> **What you will do**
Look for the string "Black" in the listing below, then copy every line that has it.

> **Source information**
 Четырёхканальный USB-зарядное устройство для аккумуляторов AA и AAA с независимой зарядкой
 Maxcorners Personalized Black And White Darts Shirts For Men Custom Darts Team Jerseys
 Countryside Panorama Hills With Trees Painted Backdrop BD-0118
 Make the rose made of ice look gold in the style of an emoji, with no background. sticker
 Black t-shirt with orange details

---

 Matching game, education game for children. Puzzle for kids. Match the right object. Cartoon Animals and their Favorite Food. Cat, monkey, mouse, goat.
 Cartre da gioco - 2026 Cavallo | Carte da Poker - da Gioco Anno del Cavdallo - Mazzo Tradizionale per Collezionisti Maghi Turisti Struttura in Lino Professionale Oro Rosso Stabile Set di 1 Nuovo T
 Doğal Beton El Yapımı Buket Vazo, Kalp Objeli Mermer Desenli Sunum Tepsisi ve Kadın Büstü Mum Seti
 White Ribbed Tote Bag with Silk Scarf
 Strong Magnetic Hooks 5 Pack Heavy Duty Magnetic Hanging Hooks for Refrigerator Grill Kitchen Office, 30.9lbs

==

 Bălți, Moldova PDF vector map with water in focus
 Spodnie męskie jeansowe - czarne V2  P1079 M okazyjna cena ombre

> **Finished task**
 Maxcorners Personalized Black And White Darts Shirts For Men Custom Darts Team Jerseys
 Black t-shirt with orange details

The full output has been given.